For a Republican, Nixon was relatively progressive. Recognizing the structural inequity found in American society, he proposed much of the affirmative action programs which has been the ire of Conservatives. But, by the 1970’s the die was cast. The Republicans introduce the “Southern Strategy”, feeding on racial resentment to get votes from a once solid Democratic South. Surely no one believes that this mass defection at this particular time was just mere coincidence? Then we get into the 1980’s, more GOP neglect of the Willy Hortons’ and ‘ketchup is a vegetable’ sort.


Bill Clinton’s center left politics took into account African American aspirations and it was noted that economic circumstances improved a great deal for the group during his term.
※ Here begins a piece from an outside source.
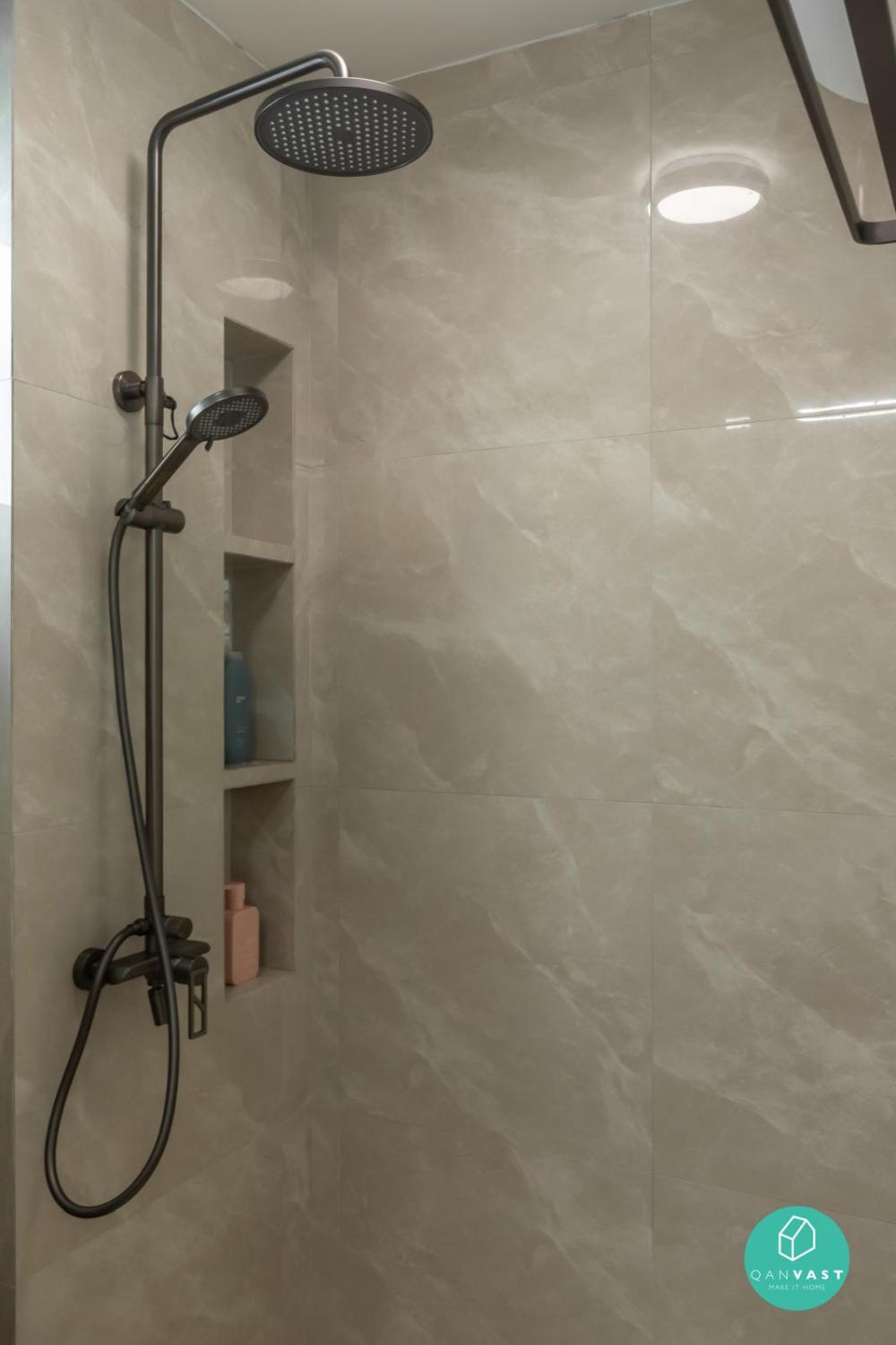 Vintage Bathroom with Homogeneous Tiles and Bathroom Storage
While others castigated him for his indiscretions, we stood by him, as one that was supportive. Have you ever been to one of their (GOP) national conventions? There are a myriad of camera tricks employed to show anyone of color anywhere within the crowd. I did not have problems seeing representation across the racial and ethnic spectrum during the Democratic National Conventions. I and many others find that much more comforting.

African-Americans, while having large swatches of the community that can be considered culturally conservative who would normally be attracted to the GOP position on social issues, do not find that in itself enough to attract them to the Republican party. Unlike many working class and poor whites, we are not going to let an abortion issue or who sleeps with who or a definition of marriage, red meat issues for whites, interfere with the primary focus of economics, jobs, opportunity etc. We have our evangelical places of worship, but politically have little if any affinity with white Christian groups, to make the point.


The bottom line being that until we can support ourselves and our families, everything else is scenery along the side of the road. If Republicans want to do better with Blacks it needs to show me and us how their unfettered free-market capitalism philosophy will lift all boats and not just the yachts. Even most of the wealthiest of us do not support the GOP, because we know that the progressives’ approach of seeing that the door of opportunity was opened was more important to success than conservative ideology and rhetoric, which never seems to hold water in reality.

I am prepared to face rebuttals for this, as this is my assessment and my opinion. So bring it on!! Thank you for your attention.